There will be no Pride parades in Sweden this year. For many years, there has been a section in many of Sweden's Pride parades called "marching for those who can't". This year, it's all of us who, because of the corona pandemic, can't march.
In the world, there are many examples of how covid-19 not only affects people’s lives and health but also the political climate. We can see that the corona pandemic is now being used by homo and transphobic authoritarian leaders to tighten the grip on power and pursue a discriminatory policy. One example is Hungary, where parliament swiftly banned citizens from changing legal their gender. In Uganda, 19 LGBTQI people were arrested accused of spreading the coronavirus, making the pandemic yet another tool used to harass LGBTQI people in the country. There are more examples, and RFSL will continue to follow developments.
The situation in Europe
ILGA Europe’s yearly Rainbow Europe Map was released in the spring. The document scores and rates the rights of LGBTQI people in European countries, and shows that the development has reached a pivotal point. ILGA Europe concludes that either LGBTQI people’s living conditions in Europe will continue to improve, albeit unevenly and at different paces, or the development will come to a halt and deteriorate in many countries. Sweden is ranked number ten, and only fulfils 63 percent of the criteria. The lack of gender-neutral family legislation, something that affects rainbow families, lowers Sweden’s score, as does the requirement that you have to be 18 years old and have to have undergone a gender dysphoria assessment in order to change your legal gender.

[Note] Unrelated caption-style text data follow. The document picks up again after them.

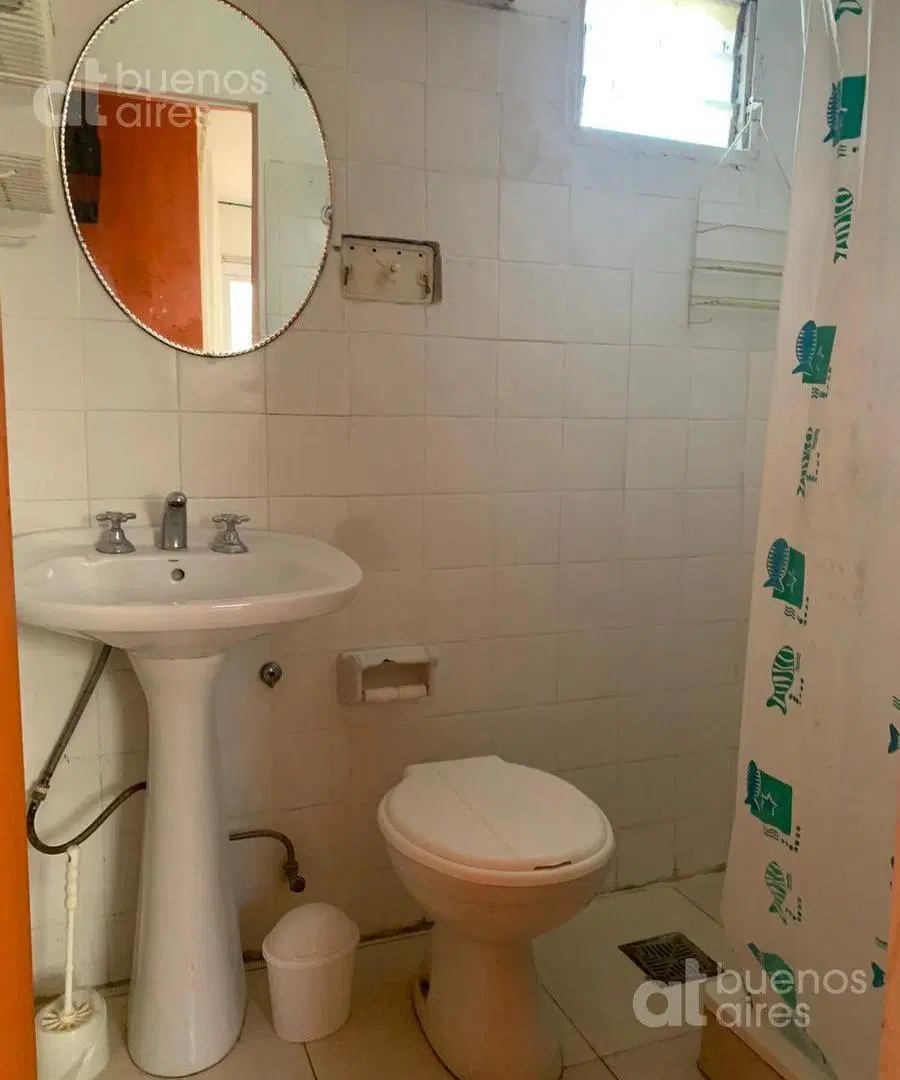 Departamento tipo PH amoblado para alquiler temporario en Balvanera 4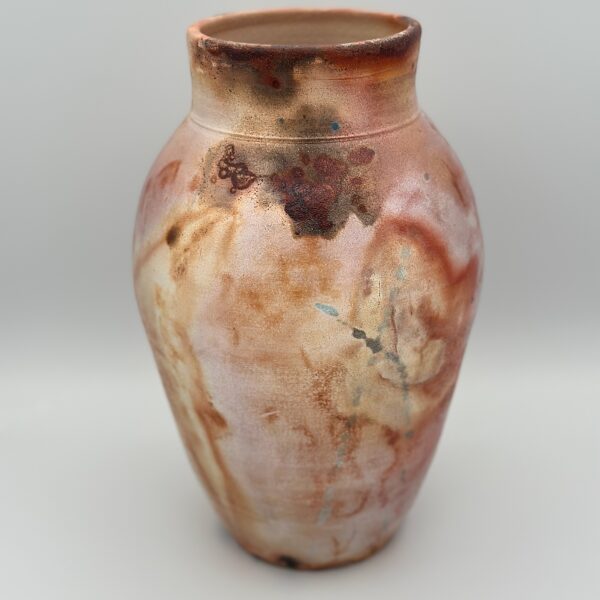 Kate Chenok - Saggar Fired Vase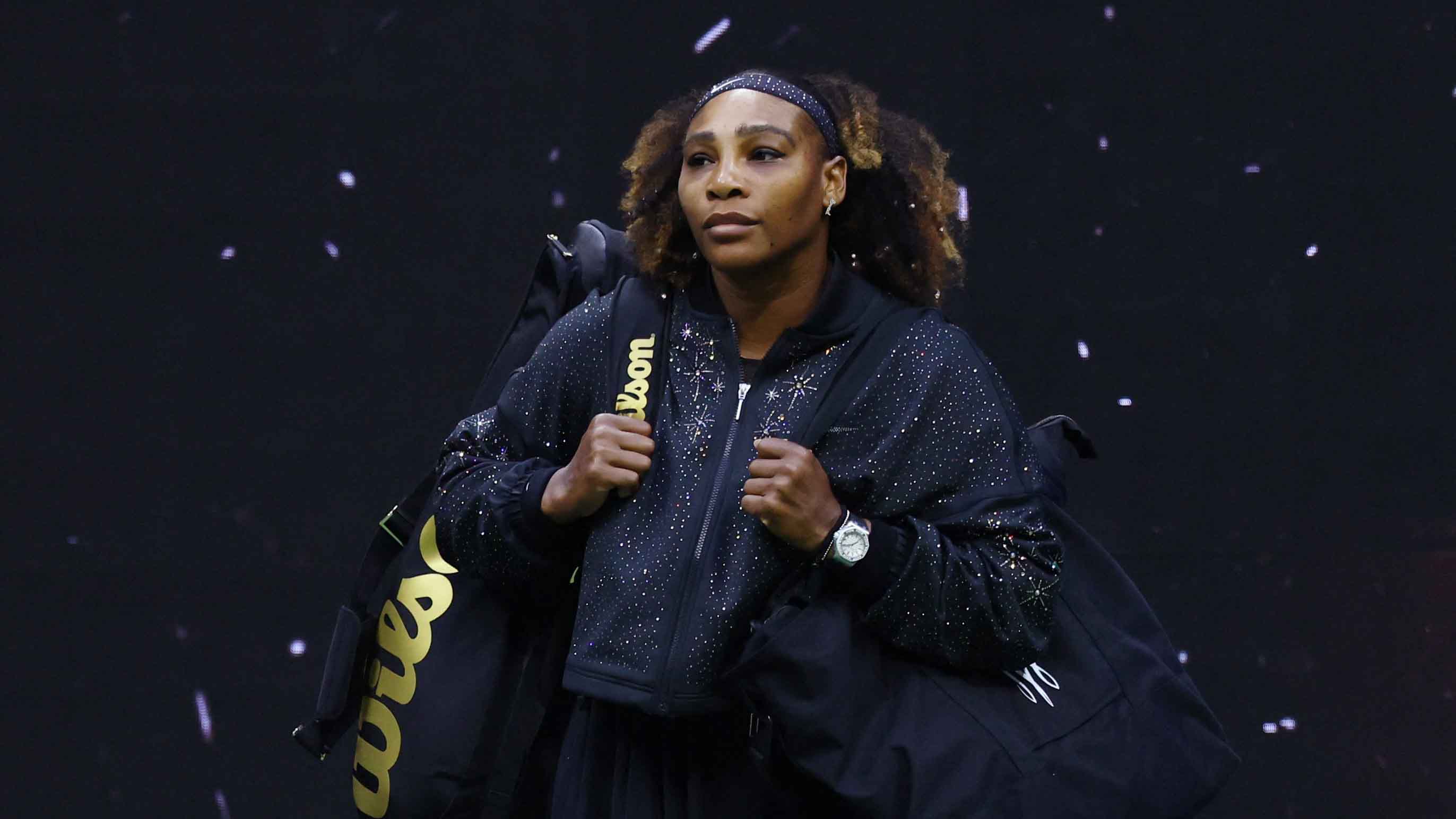 Serena Williams vuelve a las canchas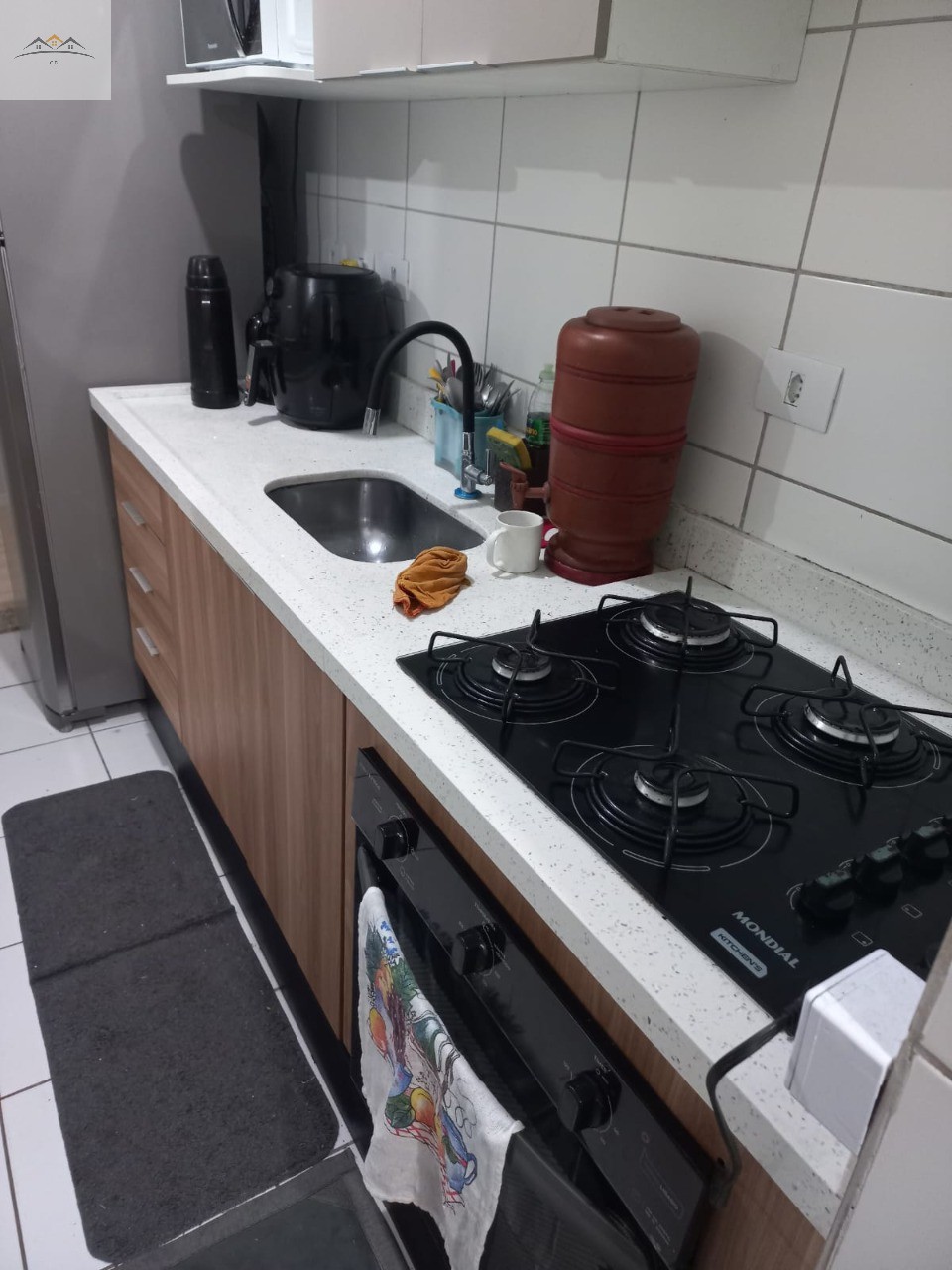 Apartamento, 2 quartos, 55 m² - Foto 7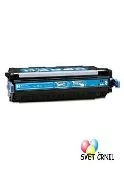 Obnovljen toner za HP Color LaserJet 3800/CP3505 Cyan Q7581A za 6000 strani, hp 3800,hp cp3505,Q7581A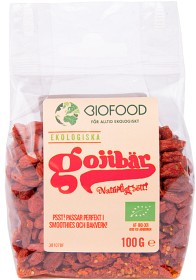 Bild på Biofood Gojibär 100 g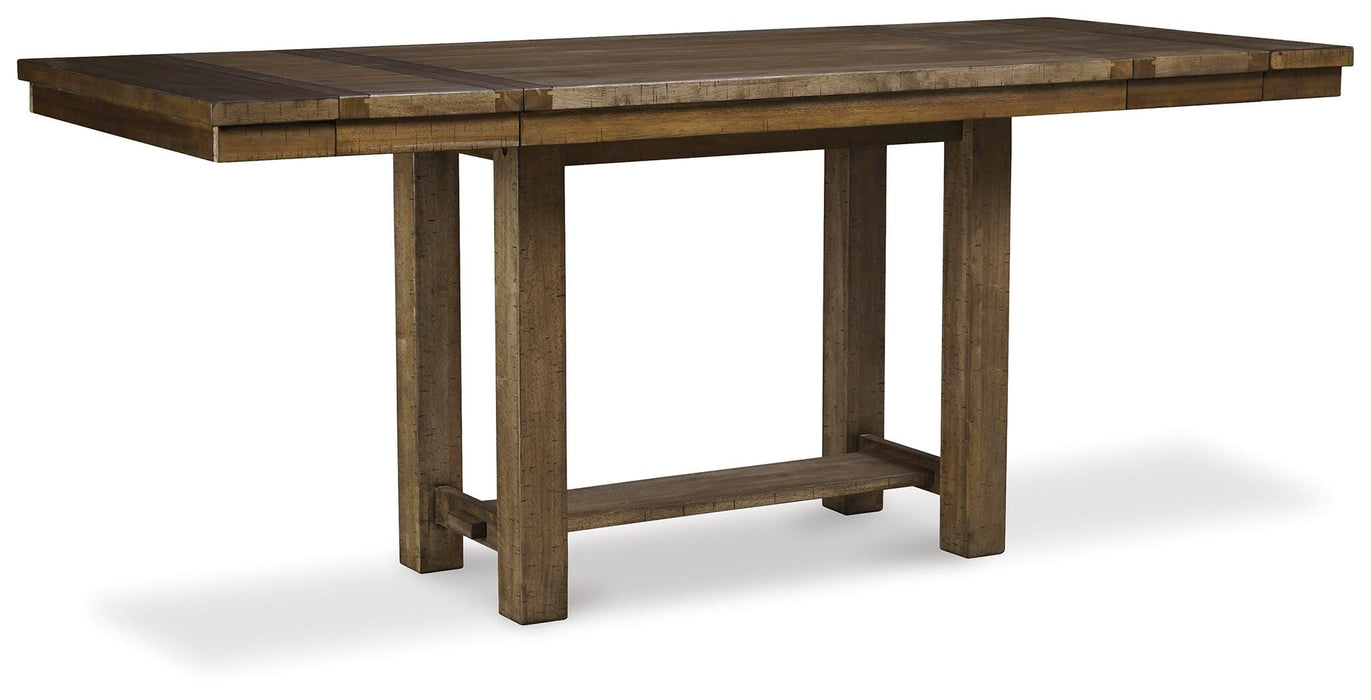 Moriville Counter Height Dining Set - Clarks Hardware - Iowa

The European Union Agency for Fundamental Rights (FRA) has also released a survey based on answers from LGBTQI people in EU countries as well as Great Britain, Serbia and Northern Macedonia. The survey shows that fear, violence and discrimination continue to be a big problem for LGBTQI people. With 140 000 respondents in 30 countries, the survey is the most comprehensive of its kind. The results show that even though many countries have come a long way when it comes to equal legislation for LGBTQI people, the factual progress is too limited and many LGBTQI people are still very vulnerable. In Sweden, 42 percent avoid holding their partner’s hand in public, 31 percent say that they have been harassed during the year preceding the survey, 22 percent often or always avoid certain places for fear of being attacked, and 15 percent have felt discriminated against at work during the year preceding the survey. In other words, we have a lot of work left to do in Sweden as well.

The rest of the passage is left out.